*** Begin section ***

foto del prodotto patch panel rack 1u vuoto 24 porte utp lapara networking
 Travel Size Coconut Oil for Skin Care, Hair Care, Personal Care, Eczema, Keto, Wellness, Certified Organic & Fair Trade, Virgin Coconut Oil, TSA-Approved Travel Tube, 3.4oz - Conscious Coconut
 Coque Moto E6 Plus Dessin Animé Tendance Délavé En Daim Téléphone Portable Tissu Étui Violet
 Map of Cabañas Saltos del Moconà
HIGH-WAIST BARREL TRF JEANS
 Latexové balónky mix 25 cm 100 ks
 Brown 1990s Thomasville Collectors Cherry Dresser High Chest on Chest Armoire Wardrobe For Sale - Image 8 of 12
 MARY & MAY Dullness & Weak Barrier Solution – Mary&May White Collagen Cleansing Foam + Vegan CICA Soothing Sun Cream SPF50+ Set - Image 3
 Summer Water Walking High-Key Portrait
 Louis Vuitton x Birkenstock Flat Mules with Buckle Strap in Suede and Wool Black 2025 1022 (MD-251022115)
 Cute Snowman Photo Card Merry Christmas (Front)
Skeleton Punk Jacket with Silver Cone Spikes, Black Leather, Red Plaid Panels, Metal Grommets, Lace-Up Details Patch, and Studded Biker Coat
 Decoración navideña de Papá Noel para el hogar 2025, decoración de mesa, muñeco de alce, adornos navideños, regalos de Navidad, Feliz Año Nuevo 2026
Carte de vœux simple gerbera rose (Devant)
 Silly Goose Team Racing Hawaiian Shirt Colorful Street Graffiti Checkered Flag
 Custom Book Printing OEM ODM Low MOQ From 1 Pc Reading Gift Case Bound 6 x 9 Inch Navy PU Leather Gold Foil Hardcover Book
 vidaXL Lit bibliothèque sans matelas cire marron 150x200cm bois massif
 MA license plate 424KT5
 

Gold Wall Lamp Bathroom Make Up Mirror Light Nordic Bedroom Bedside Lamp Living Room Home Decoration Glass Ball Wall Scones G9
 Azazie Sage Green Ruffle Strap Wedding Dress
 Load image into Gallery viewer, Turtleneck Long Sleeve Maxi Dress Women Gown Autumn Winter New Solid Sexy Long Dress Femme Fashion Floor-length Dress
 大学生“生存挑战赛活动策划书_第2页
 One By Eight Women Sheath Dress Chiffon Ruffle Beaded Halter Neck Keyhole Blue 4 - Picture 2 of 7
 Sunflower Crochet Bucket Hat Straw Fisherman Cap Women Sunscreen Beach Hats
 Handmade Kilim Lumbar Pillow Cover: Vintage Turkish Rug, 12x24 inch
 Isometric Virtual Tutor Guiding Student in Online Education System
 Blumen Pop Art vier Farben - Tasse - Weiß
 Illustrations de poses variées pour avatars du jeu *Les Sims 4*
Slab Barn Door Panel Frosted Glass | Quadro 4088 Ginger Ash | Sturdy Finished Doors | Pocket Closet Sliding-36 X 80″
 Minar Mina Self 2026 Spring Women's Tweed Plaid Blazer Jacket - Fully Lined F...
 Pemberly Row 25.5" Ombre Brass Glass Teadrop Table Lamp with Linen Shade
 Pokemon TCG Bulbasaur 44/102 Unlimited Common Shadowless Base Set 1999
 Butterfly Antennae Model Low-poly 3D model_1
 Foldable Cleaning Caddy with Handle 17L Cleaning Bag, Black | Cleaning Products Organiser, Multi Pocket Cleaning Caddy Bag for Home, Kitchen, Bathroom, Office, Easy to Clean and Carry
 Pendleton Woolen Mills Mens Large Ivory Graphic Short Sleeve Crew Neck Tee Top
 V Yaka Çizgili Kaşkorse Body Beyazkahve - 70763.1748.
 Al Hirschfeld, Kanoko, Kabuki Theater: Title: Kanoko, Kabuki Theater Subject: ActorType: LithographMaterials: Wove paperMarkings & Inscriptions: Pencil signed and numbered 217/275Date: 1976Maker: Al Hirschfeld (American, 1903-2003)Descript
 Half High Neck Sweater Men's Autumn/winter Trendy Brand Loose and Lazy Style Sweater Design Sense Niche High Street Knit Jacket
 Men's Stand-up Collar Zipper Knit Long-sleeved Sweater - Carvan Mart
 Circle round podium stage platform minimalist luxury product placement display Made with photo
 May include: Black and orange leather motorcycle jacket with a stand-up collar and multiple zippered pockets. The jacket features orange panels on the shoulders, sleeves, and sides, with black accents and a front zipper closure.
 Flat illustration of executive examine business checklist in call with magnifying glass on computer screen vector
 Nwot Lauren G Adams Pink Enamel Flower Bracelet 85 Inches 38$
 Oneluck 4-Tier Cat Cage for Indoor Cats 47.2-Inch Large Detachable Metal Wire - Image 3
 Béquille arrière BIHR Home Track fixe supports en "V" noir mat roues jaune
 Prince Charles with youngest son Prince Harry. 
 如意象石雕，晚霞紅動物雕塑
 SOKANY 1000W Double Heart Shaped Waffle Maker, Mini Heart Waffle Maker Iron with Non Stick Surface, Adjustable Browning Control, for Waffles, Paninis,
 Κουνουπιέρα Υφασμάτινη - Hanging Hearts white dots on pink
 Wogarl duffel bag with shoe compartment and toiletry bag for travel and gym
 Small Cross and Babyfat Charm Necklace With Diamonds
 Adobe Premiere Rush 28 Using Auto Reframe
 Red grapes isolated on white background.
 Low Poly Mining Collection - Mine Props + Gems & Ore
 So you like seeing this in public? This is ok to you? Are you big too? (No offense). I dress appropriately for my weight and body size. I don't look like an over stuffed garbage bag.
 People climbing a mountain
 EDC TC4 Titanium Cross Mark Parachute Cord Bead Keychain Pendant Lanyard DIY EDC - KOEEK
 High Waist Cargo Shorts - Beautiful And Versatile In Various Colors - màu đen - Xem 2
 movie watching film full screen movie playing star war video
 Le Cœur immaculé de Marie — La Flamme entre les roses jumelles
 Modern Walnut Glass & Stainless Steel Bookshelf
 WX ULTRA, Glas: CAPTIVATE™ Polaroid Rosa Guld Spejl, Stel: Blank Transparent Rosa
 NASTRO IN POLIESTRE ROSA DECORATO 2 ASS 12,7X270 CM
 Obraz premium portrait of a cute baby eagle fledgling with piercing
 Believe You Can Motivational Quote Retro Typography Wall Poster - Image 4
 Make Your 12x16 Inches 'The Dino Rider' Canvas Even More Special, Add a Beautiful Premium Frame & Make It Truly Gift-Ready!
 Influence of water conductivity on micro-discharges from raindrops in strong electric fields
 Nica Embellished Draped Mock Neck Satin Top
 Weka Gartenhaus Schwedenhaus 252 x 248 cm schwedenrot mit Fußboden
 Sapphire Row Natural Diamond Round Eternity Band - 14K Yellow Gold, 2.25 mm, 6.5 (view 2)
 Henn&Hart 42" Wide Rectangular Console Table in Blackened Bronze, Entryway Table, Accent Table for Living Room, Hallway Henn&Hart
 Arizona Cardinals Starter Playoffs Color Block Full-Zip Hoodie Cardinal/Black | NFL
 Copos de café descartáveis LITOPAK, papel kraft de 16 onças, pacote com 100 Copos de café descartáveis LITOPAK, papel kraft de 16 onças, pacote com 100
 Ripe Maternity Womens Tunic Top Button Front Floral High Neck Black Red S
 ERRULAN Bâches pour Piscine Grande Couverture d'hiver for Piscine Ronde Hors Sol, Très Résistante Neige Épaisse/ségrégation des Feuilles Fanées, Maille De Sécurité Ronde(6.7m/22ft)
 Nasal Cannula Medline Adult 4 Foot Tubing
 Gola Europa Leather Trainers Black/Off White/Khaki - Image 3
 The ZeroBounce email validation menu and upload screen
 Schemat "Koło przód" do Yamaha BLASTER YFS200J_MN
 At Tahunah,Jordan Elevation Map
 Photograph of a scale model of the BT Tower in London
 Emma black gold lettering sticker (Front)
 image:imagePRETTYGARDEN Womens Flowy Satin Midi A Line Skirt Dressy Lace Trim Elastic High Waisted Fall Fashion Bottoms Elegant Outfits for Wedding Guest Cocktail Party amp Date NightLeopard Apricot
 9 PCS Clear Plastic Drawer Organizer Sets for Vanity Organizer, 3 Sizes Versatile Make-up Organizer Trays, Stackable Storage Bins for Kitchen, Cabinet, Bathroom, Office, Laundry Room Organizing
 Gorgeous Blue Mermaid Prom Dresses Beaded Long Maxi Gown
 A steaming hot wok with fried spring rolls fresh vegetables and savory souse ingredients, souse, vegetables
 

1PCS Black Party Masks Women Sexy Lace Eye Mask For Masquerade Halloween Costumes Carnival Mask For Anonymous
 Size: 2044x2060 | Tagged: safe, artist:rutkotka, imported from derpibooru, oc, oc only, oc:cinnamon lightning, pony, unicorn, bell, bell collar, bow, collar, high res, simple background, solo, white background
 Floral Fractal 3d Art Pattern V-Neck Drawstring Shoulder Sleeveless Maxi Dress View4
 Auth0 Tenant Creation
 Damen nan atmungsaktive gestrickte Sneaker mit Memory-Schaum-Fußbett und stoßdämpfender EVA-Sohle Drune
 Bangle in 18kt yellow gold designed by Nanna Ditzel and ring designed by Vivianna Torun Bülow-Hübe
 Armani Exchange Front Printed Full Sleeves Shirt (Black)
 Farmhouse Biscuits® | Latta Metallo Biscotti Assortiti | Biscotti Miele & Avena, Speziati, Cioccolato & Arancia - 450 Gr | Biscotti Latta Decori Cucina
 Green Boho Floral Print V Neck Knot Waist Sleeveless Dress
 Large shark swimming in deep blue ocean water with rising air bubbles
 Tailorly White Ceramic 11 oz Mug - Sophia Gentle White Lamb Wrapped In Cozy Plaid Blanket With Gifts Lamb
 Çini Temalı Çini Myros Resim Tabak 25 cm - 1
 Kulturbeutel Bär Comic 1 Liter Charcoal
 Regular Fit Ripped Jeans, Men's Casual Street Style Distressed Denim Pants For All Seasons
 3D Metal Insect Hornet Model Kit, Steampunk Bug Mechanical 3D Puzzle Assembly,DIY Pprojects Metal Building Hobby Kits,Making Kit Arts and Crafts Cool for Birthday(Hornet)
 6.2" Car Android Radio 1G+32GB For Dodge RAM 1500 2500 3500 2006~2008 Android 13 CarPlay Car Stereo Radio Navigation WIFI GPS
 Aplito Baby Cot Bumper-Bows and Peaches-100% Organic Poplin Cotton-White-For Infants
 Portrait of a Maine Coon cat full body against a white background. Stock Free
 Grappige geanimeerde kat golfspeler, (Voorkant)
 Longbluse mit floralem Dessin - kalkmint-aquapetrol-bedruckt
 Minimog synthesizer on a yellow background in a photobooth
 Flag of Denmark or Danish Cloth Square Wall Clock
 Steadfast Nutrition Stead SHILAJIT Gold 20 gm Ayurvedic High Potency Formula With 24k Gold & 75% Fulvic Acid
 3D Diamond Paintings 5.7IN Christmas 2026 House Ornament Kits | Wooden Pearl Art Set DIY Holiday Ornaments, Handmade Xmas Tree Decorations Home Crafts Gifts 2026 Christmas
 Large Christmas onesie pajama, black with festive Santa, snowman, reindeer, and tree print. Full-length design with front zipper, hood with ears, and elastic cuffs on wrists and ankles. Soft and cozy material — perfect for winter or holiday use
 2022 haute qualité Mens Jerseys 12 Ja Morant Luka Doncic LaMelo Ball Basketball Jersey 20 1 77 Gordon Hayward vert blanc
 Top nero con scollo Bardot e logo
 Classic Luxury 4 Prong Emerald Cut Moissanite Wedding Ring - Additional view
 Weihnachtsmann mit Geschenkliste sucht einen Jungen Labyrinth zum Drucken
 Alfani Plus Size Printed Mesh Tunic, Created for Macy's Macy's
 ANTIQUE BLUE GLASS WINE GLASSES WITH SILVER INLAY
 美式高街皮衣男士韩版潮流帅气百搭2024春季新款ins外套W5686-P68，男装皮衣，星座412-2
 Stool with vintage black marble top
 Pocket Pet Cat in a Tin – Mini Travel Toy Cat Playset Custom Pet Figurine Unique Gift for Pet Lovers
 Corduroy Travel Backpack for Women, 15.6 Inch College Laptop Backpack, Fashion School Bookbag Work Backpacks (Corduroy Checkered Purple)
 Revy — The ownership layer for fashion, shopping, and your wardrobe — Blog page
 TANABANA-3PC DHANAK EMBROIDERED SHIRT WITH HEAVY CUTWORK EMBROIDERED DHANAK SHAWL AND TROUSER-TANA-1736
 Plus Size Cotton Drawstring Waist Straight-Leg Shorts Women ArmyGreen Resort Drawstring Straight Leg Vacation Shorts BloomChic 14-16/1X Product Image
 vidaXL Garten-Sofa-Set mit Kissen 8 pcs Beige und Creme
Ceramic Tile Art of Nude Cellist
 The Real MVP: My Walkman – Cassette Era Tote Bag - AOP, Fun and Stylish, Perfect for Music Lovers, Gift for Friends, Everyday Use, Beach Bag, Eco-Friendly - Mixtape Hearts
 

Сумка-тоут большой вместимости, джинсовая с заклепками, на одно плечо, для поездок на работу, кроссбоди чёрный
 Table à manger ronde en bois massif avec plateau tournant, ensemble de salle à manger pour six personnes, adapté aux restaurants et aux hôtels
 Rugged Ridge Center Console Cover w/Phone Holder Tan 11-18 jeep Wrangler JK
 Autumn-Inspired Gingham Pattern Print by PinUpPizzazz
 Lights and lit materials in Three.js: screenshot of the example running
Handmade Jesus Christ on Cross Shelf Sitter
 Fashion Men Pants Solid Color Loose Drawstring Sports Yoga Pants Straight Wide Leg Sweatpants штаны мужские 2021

*** End section ***

:: ASSIGNMENT ::
Which lines run from the first of the listing to the line containing "HIGH-WAIST BARREL TRF JEANS"? Reproduce those exactly, both ends included.

:: FINISHED EXERCISE ::
foto del prodotto patch panel rack 1u vuoto 24 porte utp lapara networking
 Travel Size Coconut Oil for Skin Care, Hair Care, Personal Care, Eczema, Keto, Wellness, Certified Organic & Fair Trade, Virgin Coconut Oil, TSA-Approved Travel Tube, 3.4oz - Conscious Coconut
 Coque Moto E6 Plus Dessin Animé Tendance Délavé En Daim Téléphone Portable Tissu Étui Violet
 Map of Cabañas Saltos del Moconà
HIGH-WAIST BARREL TRF JEANS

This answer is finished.